Yes it is possible the claim as currently defined could get the year of peak oil wrong. My reading of current rules is that judge would have to judge peak had occurred if such percentage changes happened again.
We are now further into oil production so another such large drop while still on the way up seems less likely. Also, there has to be some balance reached between how long to wait for judgement and how certain you want to be. The more likely concerning scenario to me is drops of between 0% and 1% such that we have to wait for around 10 years of data after the peak for it to be declared. To me this is rather long so rather than wanting to increase the 5% to make it more certain, I am wondering if we should make it easier to judge the claim earlier (even if it increases risk of judging it correctly per wording but wrongly as to actual peak oil date).
Perhaps (either 5% decline from peak level or 5 consecutive years of declines in total exceeding 2%) provided that there are widespread expectations of further declines in production? Hopefully, this attempts to make it more certain and can allow less waiting after peak in some circumstances?

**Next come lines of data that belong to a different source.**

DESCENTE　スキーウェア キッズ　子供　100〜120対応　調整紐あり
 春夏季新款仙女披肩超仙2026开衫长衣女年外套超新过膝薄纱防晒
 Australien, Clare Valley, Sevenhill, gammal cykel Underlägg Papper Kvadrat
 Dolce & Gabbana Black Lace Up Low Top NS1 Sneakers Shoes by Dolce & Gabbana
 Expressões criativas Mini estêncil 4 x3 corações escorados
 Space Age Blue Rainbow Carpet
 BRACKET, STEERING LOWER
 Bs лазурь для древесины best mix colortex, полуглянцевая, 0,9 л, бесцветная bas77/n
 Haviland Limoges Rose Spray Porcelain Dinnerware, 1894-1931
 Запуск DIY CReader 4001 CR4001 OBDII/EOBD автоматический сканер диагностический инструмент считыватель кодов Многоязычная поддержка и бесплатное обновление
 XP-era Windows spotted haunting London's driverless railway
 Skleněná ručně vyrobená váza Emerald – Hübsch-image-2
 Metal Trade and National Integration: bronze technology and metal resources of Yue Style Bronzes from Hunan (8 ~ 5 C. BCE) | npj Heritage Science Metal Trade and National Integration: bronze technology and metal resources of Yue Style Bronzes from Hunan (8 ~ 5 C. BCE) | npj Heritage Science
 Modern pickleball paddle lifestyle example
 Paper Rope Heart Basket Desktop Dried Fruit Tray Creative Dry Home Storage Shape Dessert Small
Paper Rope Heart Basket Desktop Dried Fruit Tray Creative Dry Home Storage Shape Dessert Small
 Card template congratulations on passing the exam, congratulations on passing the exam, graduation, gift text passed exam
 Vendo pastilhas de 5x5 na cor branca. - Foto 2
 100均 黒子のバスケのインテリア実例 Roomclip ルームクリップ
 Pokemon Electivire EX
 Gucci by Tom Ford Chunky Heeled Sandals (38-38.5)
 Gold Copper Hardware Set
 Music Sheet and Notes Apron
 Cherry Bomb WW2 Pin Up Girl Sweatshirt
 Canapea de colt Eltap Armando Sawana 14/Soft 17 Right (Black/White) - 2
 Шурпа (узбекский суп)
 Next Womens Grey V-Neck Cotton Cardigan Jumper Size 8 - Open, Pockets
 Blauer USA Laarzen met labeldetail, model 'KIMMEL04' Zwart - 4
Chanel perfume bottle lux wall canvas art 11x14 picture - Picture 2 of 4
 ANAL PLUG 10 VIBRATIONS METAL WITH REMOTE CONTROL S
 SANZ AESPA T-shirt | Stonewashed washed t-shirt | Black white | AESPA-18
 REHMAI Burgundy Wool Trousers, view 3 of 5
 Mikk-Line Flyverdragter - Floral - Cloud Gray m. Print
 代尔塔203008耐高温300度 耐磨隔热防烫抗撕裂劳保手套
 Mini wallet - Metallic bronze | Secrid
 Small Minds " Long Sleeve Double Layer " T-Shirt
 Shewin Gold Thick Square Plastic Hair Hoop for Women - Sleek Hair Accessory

If people wish to suggest whether we need to make it more certain or whether possibly waiting time after peak is more important, please do so. Suggestions on how to word it to get the best combination of both aims are also welcome.
Is a 5% drop enough? Based on that definition we reached peak oil in 1980. Of course production recovered subsequently but there were six years following 1980 where production was over 5% below 1980 levels, and two years when it was over 10% below 1980.